ABOUT THIS TASK
Nothing but an exact repetition of the entries should appear in the answer.

Caption-style text data
__________________________________________________
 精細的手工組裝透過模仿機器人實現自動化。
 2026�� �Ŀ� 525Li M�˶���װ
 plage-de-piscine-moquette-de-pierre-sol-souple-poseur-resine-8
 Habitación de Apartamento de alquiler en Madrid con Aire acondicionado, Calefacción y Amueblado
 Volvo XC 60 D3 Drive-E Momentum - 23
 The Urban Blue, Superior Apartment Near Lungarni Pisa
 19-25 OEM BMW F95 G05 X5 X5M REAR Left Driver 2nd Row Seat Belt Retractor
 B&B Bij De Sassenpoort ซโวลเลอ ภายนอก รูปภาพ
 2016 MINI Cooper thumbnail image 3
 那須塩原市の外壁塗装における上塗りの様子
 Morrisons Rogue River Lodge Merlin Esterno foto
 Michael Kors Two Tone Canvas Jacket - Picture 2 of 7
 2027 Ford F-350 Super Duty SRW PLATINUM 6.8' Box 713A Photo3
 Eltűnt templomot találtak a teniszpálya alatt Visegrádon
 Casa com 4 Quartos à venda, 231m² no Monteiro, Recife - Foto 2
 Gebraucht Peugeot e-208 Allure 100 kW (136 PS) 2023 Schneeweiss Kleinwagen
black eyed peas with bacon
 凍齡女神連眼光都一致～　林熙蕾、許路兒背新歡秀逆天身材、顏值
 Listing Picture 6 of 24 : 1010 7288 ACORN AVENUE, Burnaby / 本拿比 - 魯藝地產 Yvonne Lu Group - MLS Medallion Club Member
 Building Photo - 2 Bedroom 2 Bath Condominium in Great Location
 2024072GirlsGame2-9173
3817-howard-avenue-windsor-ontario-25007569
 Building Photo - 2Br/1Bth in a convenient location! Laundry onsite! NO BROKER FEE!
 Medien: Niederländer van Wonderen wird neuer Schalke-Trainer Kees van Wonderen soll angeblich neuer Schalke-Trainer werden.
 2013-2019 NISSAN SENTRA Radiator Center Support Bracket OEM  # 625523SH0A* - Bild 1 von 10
__________________________________________________
YOUR RESPONSE
 精細的手工組裝透過模仿機器人實現自動化。
 2026�� �Ŀ� 525Li M�˶���װ
 plage-de-piscine-moquette-de-pierre-sol-souple-poseur-resine-8
 Habitación de Apartamento de alquiler en Madrid con Aire acondicionado, Calefacción y Amueblado
 Volvo XC 60 D3 Drive-E Momentum - 23
 The Urban Blue, Superior Apartment Near Lungarni Pisa
 19-25 OEM BMW F95 G05 X5 X5M REAR Left Driver 2nd Row Seat Belt Retractor
 B&B Bij De Sassenpoort ซโวลเลอ ภายนอก รูปภาพ
 2016 MINI Cooper thumbnail image 3
 那須塩原市の外壁塗装における上塗りの様子
 Morrisons Rogue River Lodge Merlin Esterno foto
 Michael Kors Two Tone Canvas Jacket - Picture 2 of 7
 2027 Ford F-350 Super Duty SRW PLATINUM 6.8' Box 713A Photo3
 Eltűnt templomot találtak a teniszpálya alatt Visegrádon
 Casa com 4 Quartos à venda, 231m² no Monteiro, Recife - Foto 2
 Gebraucht Peugeot e-208 Allure 100 kW (136 PS) 2023 Schneeweiss Kleinwagen
black eyed peas with bacon
 凍齡女神連眼光都一致～　林熙蕾、許路兒背新歡秀逆天身材、顏值
 Listing Picture 6 of 24 : 1010 7288 ACORN AVENUE, Burnaby / 本拿比 - 魯藝地產 Yvonne Lu Group - MLS Medallion Club Member
 Building Photo - 2 Bedroom 2 Bath Condominium in Great Location
 2024072GirlsGame2-9173
3817-howard-avenue-windsor-ontario-25007569
 Building Photo - 2Br/1Bth in a convenient location! Laundry onsite! NO BROKER FEE!
 Medien: Niederländer van Wonderen wird neuer Schalke-Trainer Kees van Wonderen soll angeblich neuer Schalke-Trainer werden.
 2013-2019 NISSAN SENTRA Radiator Center Support Bracket OEM  # 625523SH0A* - Bild 1 von 10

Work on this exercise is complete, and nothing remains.